Psikolog ablamın tavsiyesi ile pdf formatını indirip ( öğrenciydik o zamanlar zeytine kafa atıyoruz) okumaya başladım.
Vallahi bunca zorluk ( adam soykırımdan çıkmış) içinden çıkıp kalem bile tutabilmesi mucize iken neler yazmış neler, canını yediğim.
freud diyor ki; "insanların temel ihtiyaçlarını karşılamalarını kısıtlarsanız hayvanlaşır ve ahlak mahlak tanımaz birbirlerini öttürürler."
frankl da tam bu noktada devreye giriyor: hayır freud! yanlışsın dayımın oğlu diyor. asıl insanın, insan olmaklığı tam da bu gibi durumlarda belli olur. insanlar bu gibi durumlarda; çalmadan, çırpmadan yaşayarak kemalatlarına ererler ve kamil olurlar diyor. niyeyse tasavvuf'a kaymış. frankl biraz elitist yaklaşmış olaya. nereden mi anlıyoruz bunu? başlıca kavramları olan; insanlık, kemalatına ermek gibi şeyler romantik yaklaşımlardır. günümüze bakıyoruz ki hiç öyle nazi kamplarına gerek yok. insanların birbirlerine karşı bastırılmış nefretleri, kampları gül bahçesine çeviriyor.

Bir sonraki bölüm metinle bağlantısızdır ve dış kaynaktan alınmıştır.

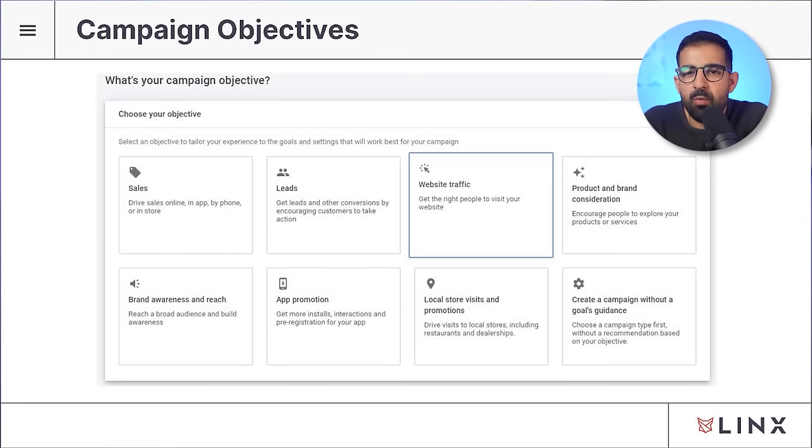Next, let's quickly discuss campaign objectives — the different marketing objectives you can set at the campaign level. When you're building a brand new campaign, you'll be presented with several options. The targeting between all these different campaign objectives remains the same regardless of which option you choose. The only things that change are how the campaign is optimized, how you're charged, and what sort of ad creatives you can run.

Hass*ktir denilebilir ama performansa dayalı incelediğimizde zamanının ötesinde, iş bu incelememde kapı gibi karşınıza koyacağım.
sonuç olarak, frankl çok iyi niyetli bir adam, allah ondan razı olsun. çalışmalarına dil uzatmak haddimiz değil. yaptığı; insanların, gündelik hayatlarında olan ve kullanageldikleri şeyleri dizgeleştirip bize sunmak, e zaten bilim de böyle bir şey.